The University of Minnesota Undergraduate Student Government’s (USG) newly founded Food Insecurity Ad-Hoc Committee aims to combat food insecurity issues on and around campus.
Though a long-held USG priority, the Committee was founded this semester with its ultimate goal of getting a question on the ballot in the March 11 campus elections. The question would ask students whether they want President-Designate Rebecca Cunningham to make tackling food insecurity a priority.
Committee Director Amara Omar said getting a question on the March 11 ballot would prove food insecurity is a legitimate issue students face on campus, particularly as Cunningham prepares to begin her term in July.
“It’s the first step of legitimacy,” Omar said. “That means admin knows about it. They see it.”
Looking to the future, the Committee’s long-term goals include getting the NutritiousU Food Pantry a permanent place on campus and opening a break-even, on-campus grocery store, according to Omar.
The store plans to follow a break-even model in which the store makes only enough money to cover the cost of operations and labor required to run it, said USG President Shashank Murali.
The Pantry currently operates out of the first floor of Coffman Union on Tuesdays and Wednesdays. Lines to access the Pantry are usually very long and volunteers are stretched thin, Omar added.
“It’s just not sustainable,” Omar said.
Omar said the Pantry’s high demand is evidence of the prevailing food insecurity issue on campus and she hopes the Committee will be able to get it a permanent space and increased funding.
The Committee’s first few meetings have gone well, according to Omar, adding that the Committee also boasts a diverse membership.
“We have food sciences majors, business majors, sociology majors, political science majors — students of all scopes,” Omar said. “Students who also live on campus, live in dorms and students who live off-campus.”
In its meetings thus far, Omar said the Committee has worked to develop outreach strategies, speaking to individual student groups to garner support and conduct digital outreach.

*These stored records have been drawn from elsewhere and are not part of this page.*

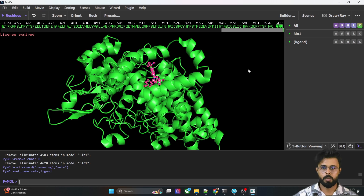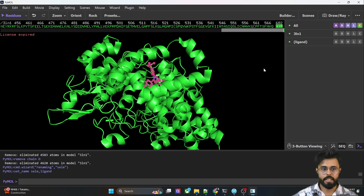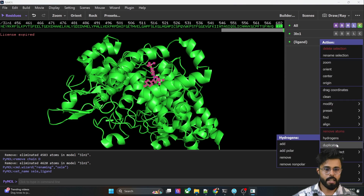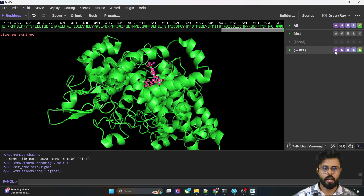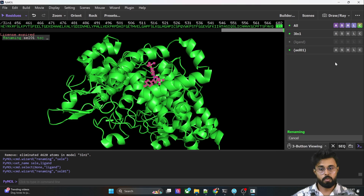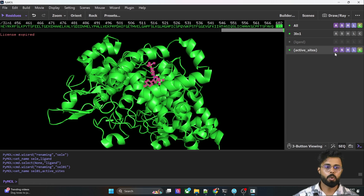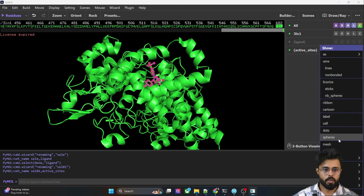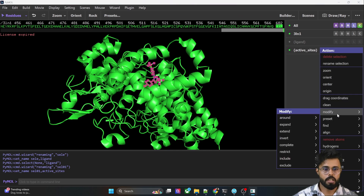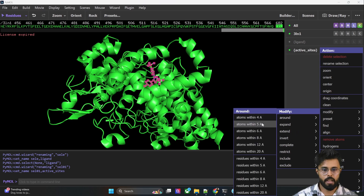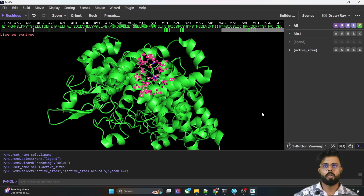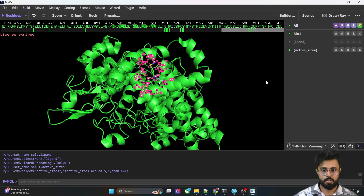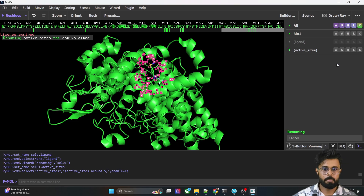We are going to find the amino acids around 5 Ångströms from the ligand. We can duplicate this tab and change the name to 'active sites'. In the action option, go to Modify, then Around, and select 'atoms within 5 Ångströms'. You can see it has already selected the amino acid residues around the ligand within 5 Ångströms.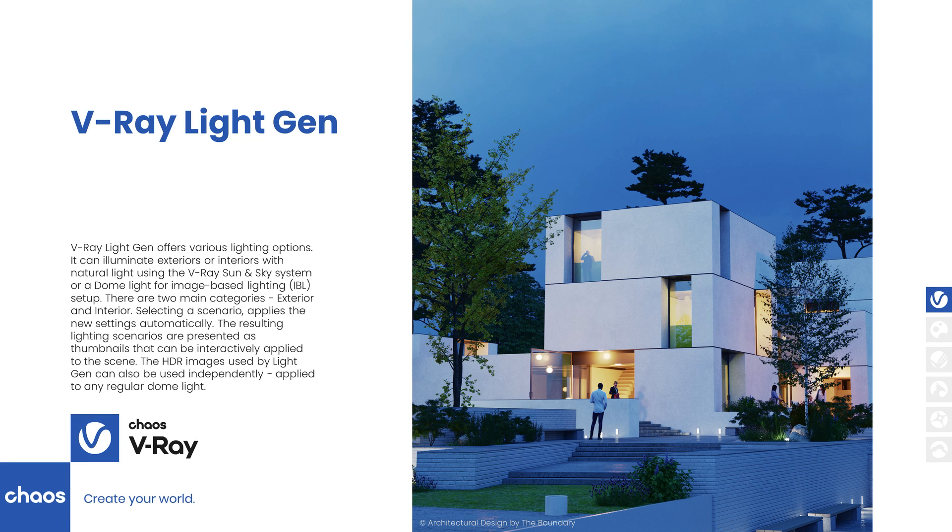When we are working on our images, iterating through a few different lighting scenarios can help us find the one that complements our model the most. But this can be a very time-consuming process that can be made a lot easier with a little inspiration.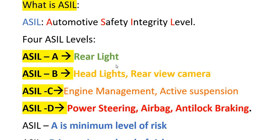ASIL A is the minimum level of risk and ASIL D is the maximum level of risk. For example, if any unintended error happens in a rear light, there is no major impact on the passengers or drivers, which is why it belongs to the lower risk ASIL A level.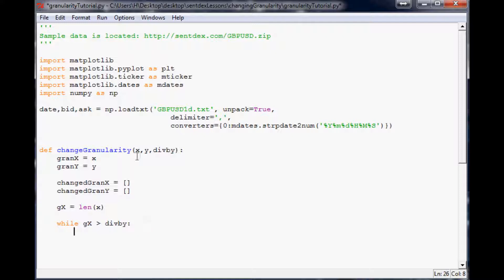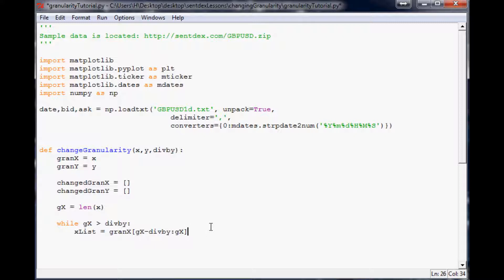Use a while loop: `while gx > div_by`. Since gx starts at the length of the data, as long as it's greater than div_by we keep processing. Define `x_list = grand_x[gx - div_by : gx]` — so if div_by is 15 and gx is 1000, we're looking at indices 985 to 1000. At the end of each iteration, do `gx -= div_by` to move through chunks.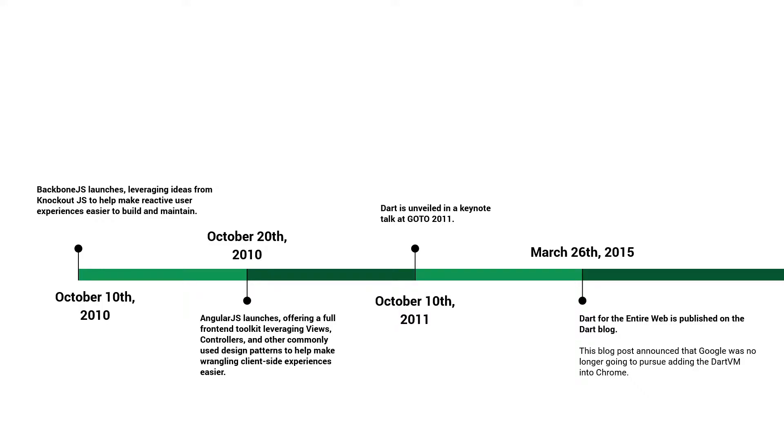Shortly after announcing Dart, Google announced that the Dart VM would be built into Chrome, enabling a first-class competitor to JavaScript for client-side web development. In 2015, Google decided to not build the Dart VM into Chrome, and a lot of people began to question Dart's future, myself included. We were left with a lot of questions, but didn't really have a lot of answers.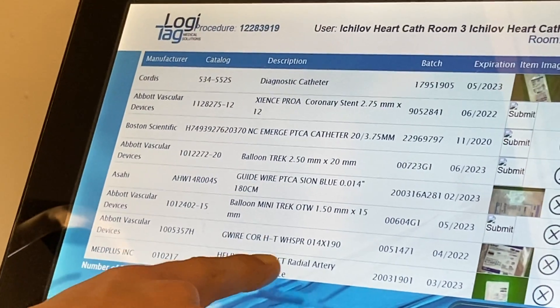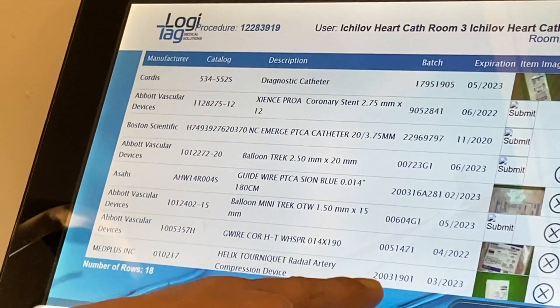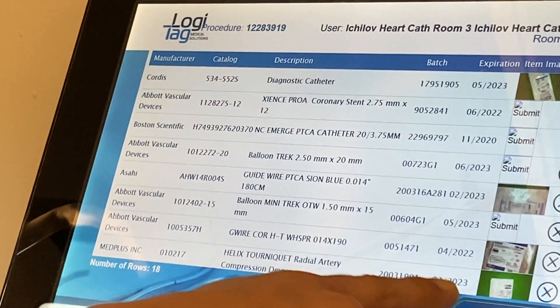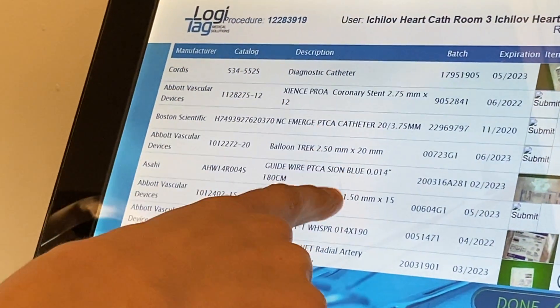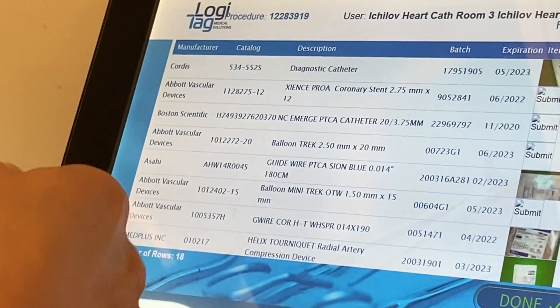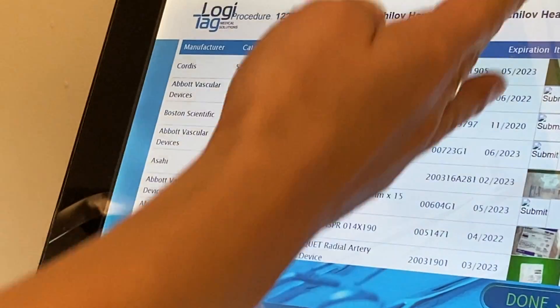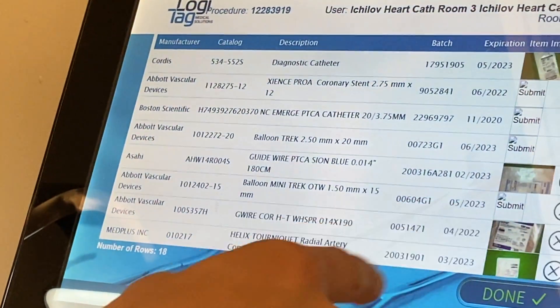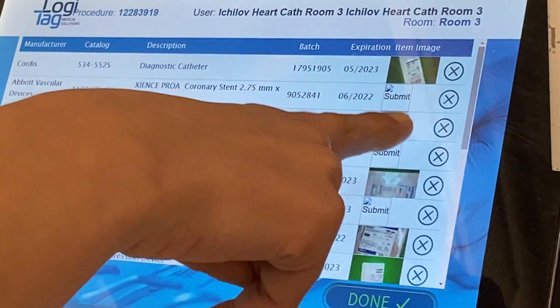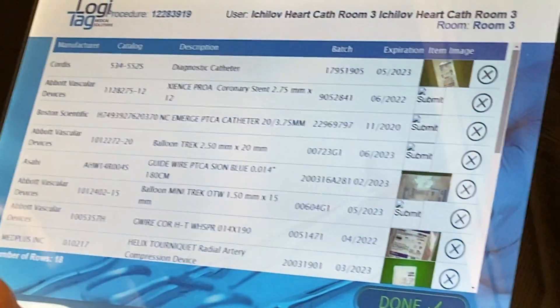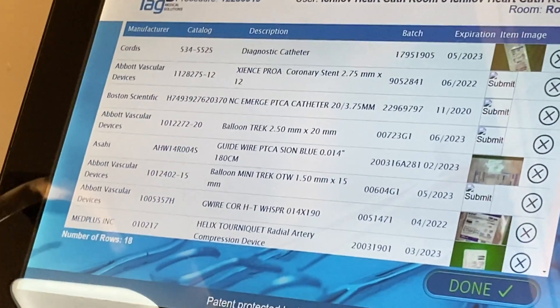Your description, your batch, and your expiration date — it's all very important information. And of course you have your image. Where there isn't an image, that's where we have the RFID scan.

Omar said much of the student feedback given to the Committee reflects the student body’s desire to have a break-even, on-campus grocery store.
“If you walk up to people and say, ‘Hey, let’s get a grocery store on campus,’ they’d be like, ‘Yes, totally, we’re sick of Target,’” Omar said.
Murali said the idea for an accessible grocery store is based on making something to benefit students long-term, not-for-profit effort by the University.
Currently, the only available grocery options near campus are Target in Dinkytown and Fresh Thyme in Prospect Park, according to Kent Kramp, president of the Dinkytown Business Alliance.
Murali said the hope is to work with a provider to introduce a grocery store to campus with high-quality, low-cost grocery options, unlike Target and Fresh Thyme.
Kramp said the opening of an on-campus grocery store would be a great benefit to the University community with little effect on Dinkytown businesses.
“The people that want to cook their own food and not eat at a restaurant are already doing that,” Kramp said. “I think [an on-campus grocery store] would just make it more convenient.
Though there was a community push to put a grocery store in the development below the Identity apartments in Dinkytown, Kramp said he thinks a grocery store has not opened yet because it is a difficult business to operate near a college campus.
Given the necessity for a large enough space to sustain a full grocery store, an urban center like Minneapolis also creates a difficult environment for a grocery store.
Murali added that the Committee is also working to find a permanent place for the Twin Cities Mobile Market, a USG initiative introduced in November 2021 to provide low-cost grocery options for students.
Though the Mobile Market is separate from the on-campus grocery store, Murali said USG is continuing efforts to expand food security on campus such as expanding the food pantry, continuing the Farmer’s Market on campus and bringing back the mobile market.
“We don’t know when we’re going to get a break-even grocery store,” Murali said. “That doesn’t mean we leave behind all these other vital resources that are currently helping students.”